The Western Reserve Historical Society is celebrating its 150th anniversary in 2017

WRHS Building
WRHS first home, the third floor of the Society for Savings building located in Public Square.

The Western Reserve Historical Society is celebrating its 150th anniversary in 2017

Stop and think about that for a moment. For 150 years, WRHS has preserved the rich history of Northeast Ohio by capturing and sharing countless captivating stories of the region and America. And it all started very humbly on Cleveland’s Public Square.

On May 28, 1867 Charles Baldwin and a small group from the Cleveland Library Association established a new historical department with a mission to discover, procure, and preserve whatever relates to the history of Cleveland and the Western Reserve.

It was Baldwin’s vision to create a new cultural society. And in the beginning, WRHS’ first headquarters was on the third floor of the Society for Savings Building on Public Square. For 25 years, WRHS had no charter but was dedicated to collecting historical articles and artifacts, as well as publishing historical papers.

Today, WRHS has become one of the largest and most diversified historical societies in the United States with six sites in four counties and more than 1 million items in its Library and Museum Collection.

Growing focus

The story of WRHS’ expansion dates back to a Cleveland Plain Dealer article in 1889 that noted how the Society was receiving visitors from abroad and teachers with their students. Due to this interest, WRHS quickly expanded its space and changed locations to accommodate its growing collection. Then in 1938, the widow of Price McKinney sold her home—the Hay-McKinney Mansion—to the growing historical society to house museum collections. WRHS soon acquired in 1938 the Bingham-Hanna Mansion in exchange for its property on Euclid and 107th. It didn’t take long for the Society to further grow its museum space.

Rendering of Crawford
Rendering of the Crawford Auto-Aviation Museum.
  • In 1948 Laurence and Robert Norton and their sister Mrs. Fred R. White donated Shandy Hall, an 1815 farmstead in Geneva, to WRHS.
  • In 1956 Clara Belle Ritchie bequeathed the Hale Family Farm to the historical society upon her passing that year.
  • In 1965 WRHS opened the Crawford Auto Aviation Museum following the donation of Fredrick Crawford’s Thompson Auto Album.
  • In 1978 Josephine Kyle gave WRHS the historic house museum of Loghurst in Canfield.
  • In 1984 a library housing all of the society’s archives, manuscripts, books, and photograph collections was opened, and the former library was converted to display the costume and textile collection in the Chisholm Halle Costume Wing.
  • By 1993, the Research Library was connected to the rest of the museum with the construction of the Reinberger Gallery, home to the upcoming exhibit opening in November of 2017 – Cleveland Starts Here presented by the Jack, Joseph and Morton Mandel Foundation.
HFV Saltbox
The Saltbox House being transported to its new home at Hale Farm.

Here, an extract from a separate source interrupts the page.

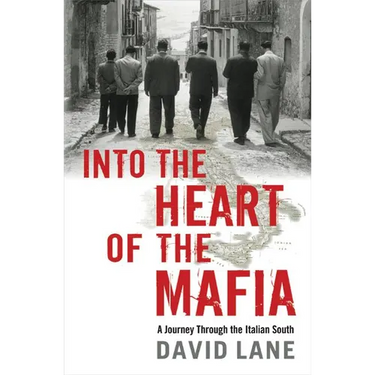 Into the Heart of the Mafia: A Journey Through the Italian South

Expanding Hale Farm and Village

As many of you know, Hale Farm and Village has been at the forefront of Northeast Ohio and American history education since its public opening in 1958. At that time, Hale Farm had the 1825 Hale House and six original outbuildings.

Early American craft and trade demonstrations were added in the 1960s. With those demonstrations, it didn’t take long for the museum to become so popular that WRHS created a master plan to expand the operation. This master plan included acquiring other pre-Civil War era historical buildings and moving them to Hale Farm to create an early Western Reserve village.

So in the early 1960s, excavation of the Village Green began. The Saltbox House and the Jagger House were among the first buildings relocated and placed in the Village.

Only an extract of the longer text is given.